19. Reptar, "Context Clues"
This young Athens outfit takes a maximalist's approach to pop music. This cute, quirky single from their forthcoming EP twitches with a cornucopia of cuckoo clock whirrs, hoot owls, alarm clocks and off-kilter 'sproing's. To the bands benefit, it never sounds hectic or overstuffed, and when it finally shakes free of those million sonic accoutrements and eases into a high-flying finale, the elation is almost palpable.
20. Tennis, "Long Boat Pass"
Tennis's debut album Cape Dory is about a boat, and the songs it contains have deliciously lazy ease of gliding idly and slowly down the stream. "Long Boat Pass" sounds like Belinda Carlisle performing on the starboard bow, frontwoman Alaina Moore cooing, "Darling you know I love you," as her husband Patrick Riley constructs a delicate net of guitars to catch her should she fall.
21. Wye Oak, "Holy Holy"
The repeating grind of guitar that opens this song sounds like a junked car trying to start: determined and defiant, willing itself to life. So it goes throughout this marvelous song from Civilian, the new record from Baltimore duo Wye Oak. It kicks up loud then drops back, glides easily then coughs and pitches, guided along by Jenn Wasner's sure, steady alto – a voice that sounds like it contains the secrets of the universe, but is choosing to mete them out one by one.

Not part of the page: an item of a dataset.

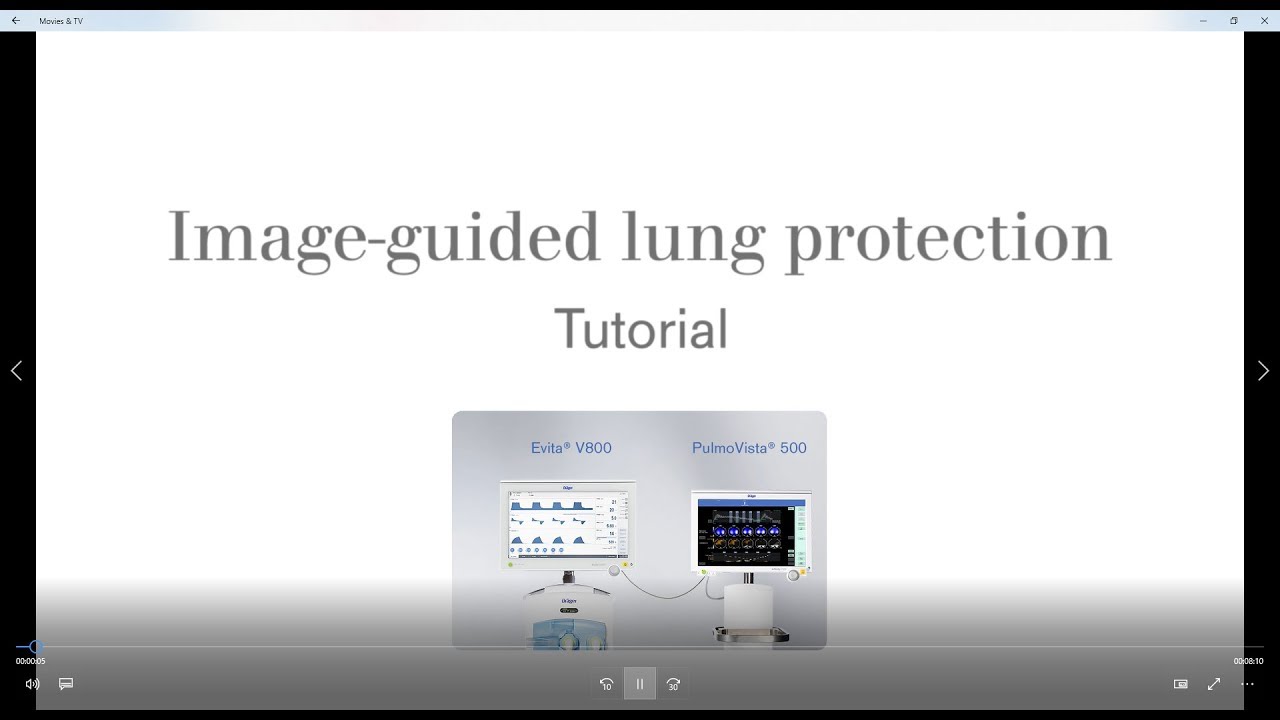Image-guided lung protection with Dräger - Tutorial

22. The Joy Formidable, "Whirring"
The Joy Formidable live in London, but you'll find no trace of stereotypical British reserve in their music. Loose, wild and unhinged, their songs are typhoons of sound – the perfect combination of great scraping guitars and Ritzy Bryan's honeyed croon. "Whirring" detonates like the best Nineties radio anthems, piling crescendo upon crescendo until the sound is mountainous and imposing. Is it any wonder Dave Grohl is such a fan?

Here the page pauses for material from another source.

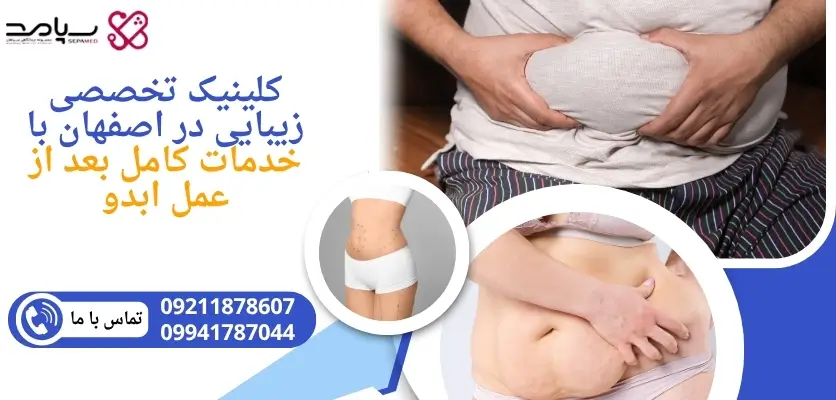 کلینیک تخصصی زیبایی در اصفهان با خدمات کامل بعد از عمل ابدو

23. Le Butcherettes, "I'm Queen"
Down, dirty and dingy, the Butcherettes are the kind of band that you'd find carousing at the dirty end of a dive bar at four a.m. on a Monday. "I'm Queen" is almost defiantly rudimentary – a few barbed wire punk rock guitars, loose and sloppy percussion and breathy vocals delivered by the kind of femme fatale who'd sooner stab you than kiss you.
24. Disappears, "Halo"
Disappears nick their stern, chugging rhythms from krautrock and their glaze of guitars from Haight-Ashbury. Smearing the two together creates a terrific tension – like a gallon of grape jam oozing down a straight white picked fence. The lyrics are comprised of just a handful of phrases, all of them shouted again and again and again, like a panicked hypnotist trying in vain to wake his long-gone subject from their trance.
25. Phantogram, "Mouthful of Diamonds"
As curvy as a question mark and as soft and pristine as a room full of feathers, this twinkling number from New York's Phantogram alternates between pity and scorn, using its gentle melody to reach out to a friend who is slipping beyond redemption. Sounding at times like Beach House after a good night's sleep, "Mouthful of Diamonds" is a moody, moving masterpiece.